Time? What do you think of when you see the word Time? I don't have enough time? Where did all the time go? I think most of us say the first all to often. Tonight I was thinking about my life in the big picture. I feel like all I ever do is Work, eat, and sleep. And maybe get some play time in with the kids. I feel I never see my husband unless he is working, sleeping or being frustrated with anything. All I want is to spend time with him. I am not asking for a lot.
I think that we get stuck in the rut of life and we don't want to change or do anything that my be difficult. Times like this I start to think about why we are here? To be tested. Am I doing all that I can to return to heavenly Father? All of us at one point or another will say NO. This time here on earth is for growing and learning from what we have and how we can make it. With Christmas so close and always remembering Jesus Christ and his birth. But also remembering what he came here to do. Give us a way home. I know I can be better and that I can do what I need to. I just have to try harder. I am the farthest away from perfect and I want to be better. I pray for guidance and help so I can be that better mother, wife and sister.

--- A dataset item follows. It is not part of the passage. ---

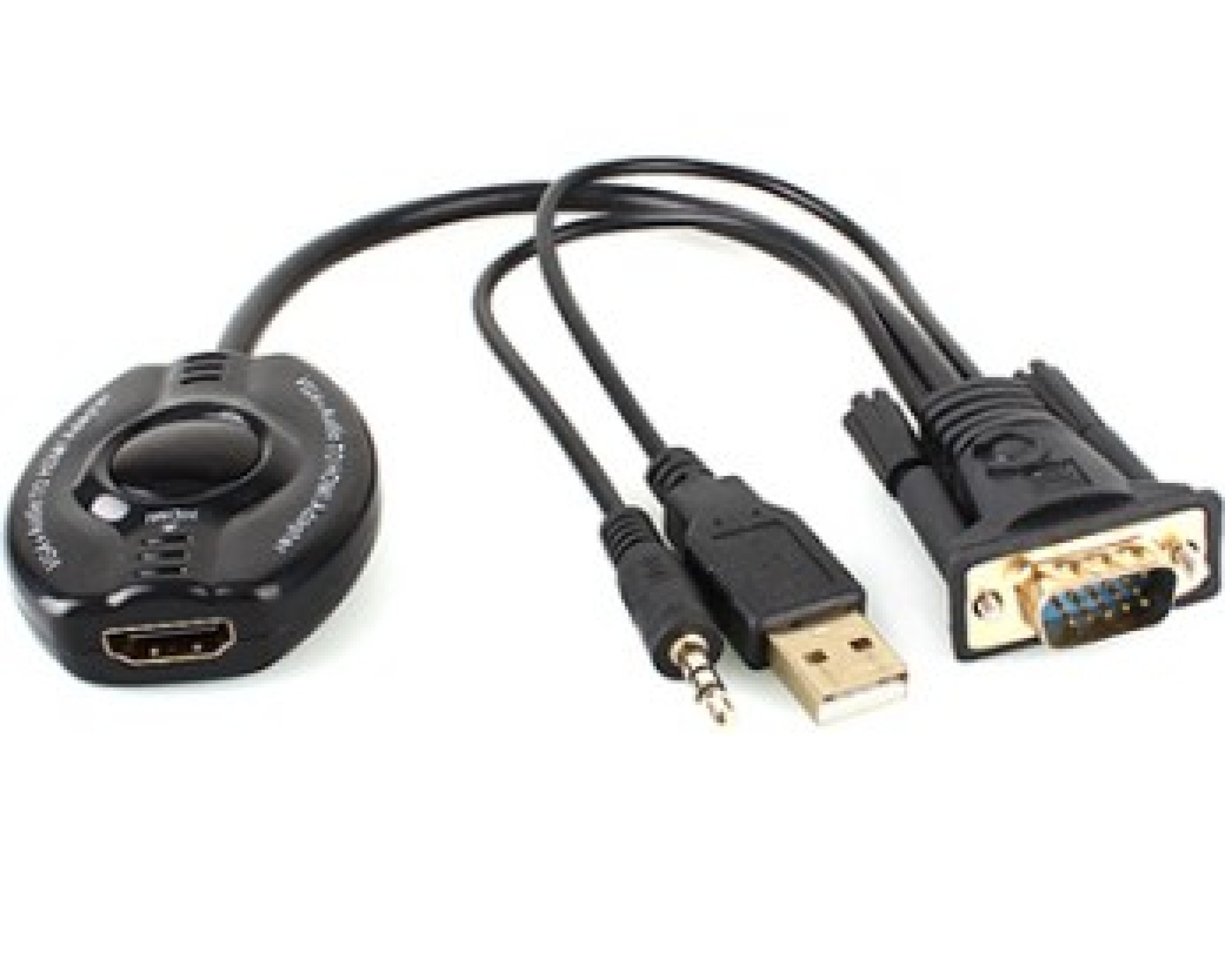 Convertidor VGA a HDMI – VGA a HDMI+ Audio 3.5mm, Negro, BROBROTIX, 150620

Wednesday, October 04, 2006

Charmed


Charmed as you know is one of my favorite shows. I go through phases where I love one show. I really enjoy watching the actors and the stories they tell. As a watched over the course of the show I noticed that as the show matured so did the characters. I came to love the characters more. Alyssa Milano is one actress that I really enjoy watching she was great in Who's the boss and she has been in some movies. I really liked her in Charmed because some times I related to her. No in the physical sense of fighting demons or falling in love. But fighting my own demons of the world. The stories always kept me interested. And helped me see that the opposition that Heavenly Father has given us in very important part of this short time we have on the earth.

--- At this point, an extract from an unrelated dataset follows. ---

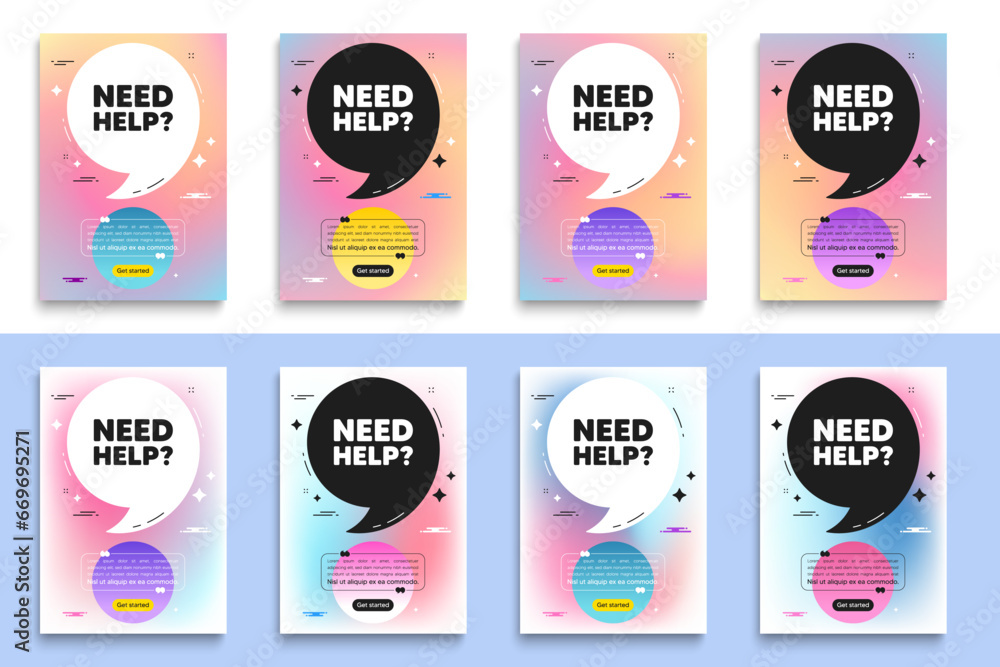 Poster need help tag. poster frame with quote. support service sign. faq information symbol. need help flye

Wednesday, September 27, 2006

Blessing


On Sunday we had the blessing for Christopher. It was also my birthday. Being able to see my son receive his name and blessing was the most enjoyable thing. My birthday has become a memorable occasion for me. I was baptized at 8, I had my mission farewell when I was 21, and now I had my son's blessing when I was 32. It was a very spiritual day for me.
I pondered how grateful I am to have such a wonderful family. One of the most important things in this life is the family. I was grateful to have them all there to be witnesses of such a wonderful occasion. Danny and I were talking about things and I said to him. We need to accept our family the way they are. My parents got divorced and it has been hard on all of us as children. I look at it that this is the way are family is now. So accept it and just make it work. The effort of making it work has to come from all parties. My other siblings have had a harder time dealing with it. But I know in time that they will see that it's not worth it.
One of the most wonderful things about getting married is you get to be a part of a new family. The in-laws. In some cases not every one its happy about that but in my case I don't know what I would do with out my in-laws. My mother-in-law has helped me in so many ways I am grateful that she is so close to me. I have such a wonderful in-law family I am so blessed.

Wednesday, September 13, 2006

LOVE

So today has been one of fun. I spend my time with 2 wonderful kids. My son brings more happiness to my life. He is helping me with my blog tonight. My daughter is discovering words like crazy. She will repeat most of what I say. If something went wrong its No happed. If we are walking to another room I will tell her let's go and she says Go Go Go. If I am feeding my son she will say boos Cr. if my son is sleeping she will say brother seeping. I am just grateful for my wonderful children and my husband. They bring me all the happiness in the world.